= Available data =
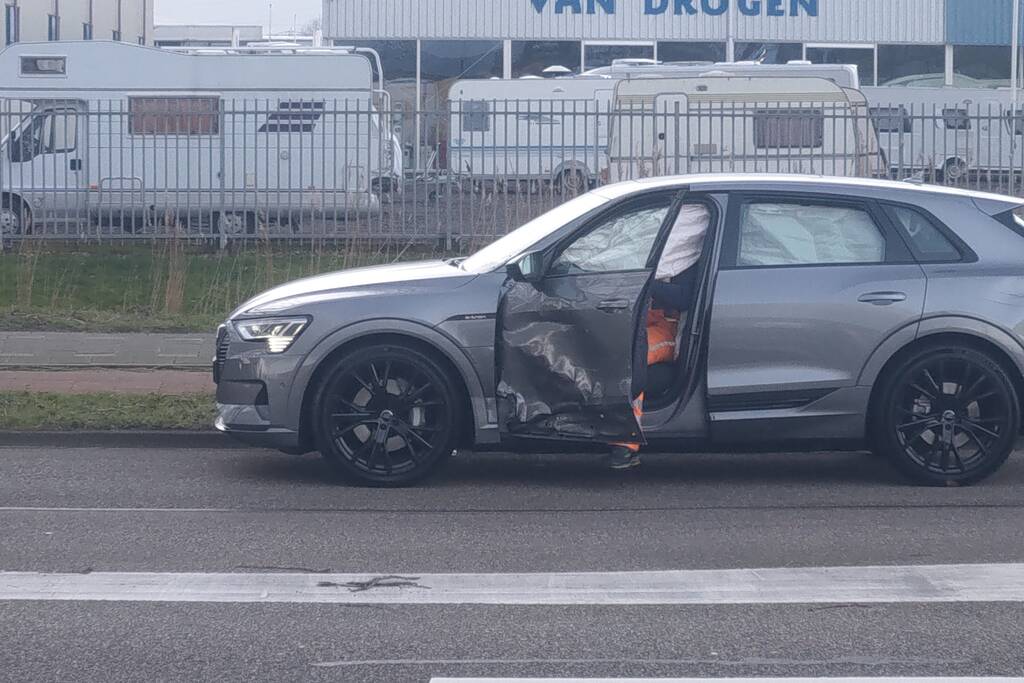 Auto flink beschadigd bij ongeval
---
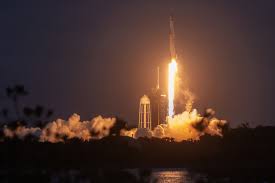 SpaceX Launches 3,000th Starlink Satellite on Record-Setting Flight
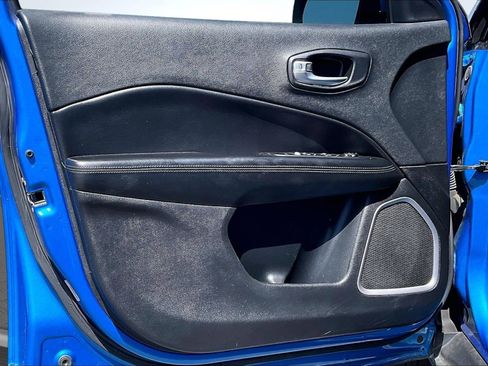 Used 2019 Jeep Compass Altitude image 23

= Assignment =
Find where the line with "SpaceX Launches 3,000th" sits in the material above and where the line with "Used 2019 Jeep Compass Altitude image 23" sits. Set down exactly the lines from the first to the second, both included and nothing else, without pictures.

= Solution to the exercise =
 SpaceX Launches 3,000th Starlink Satellite on Record-Setting Flight
 Used 2019 Jeep Compass Altitude image 23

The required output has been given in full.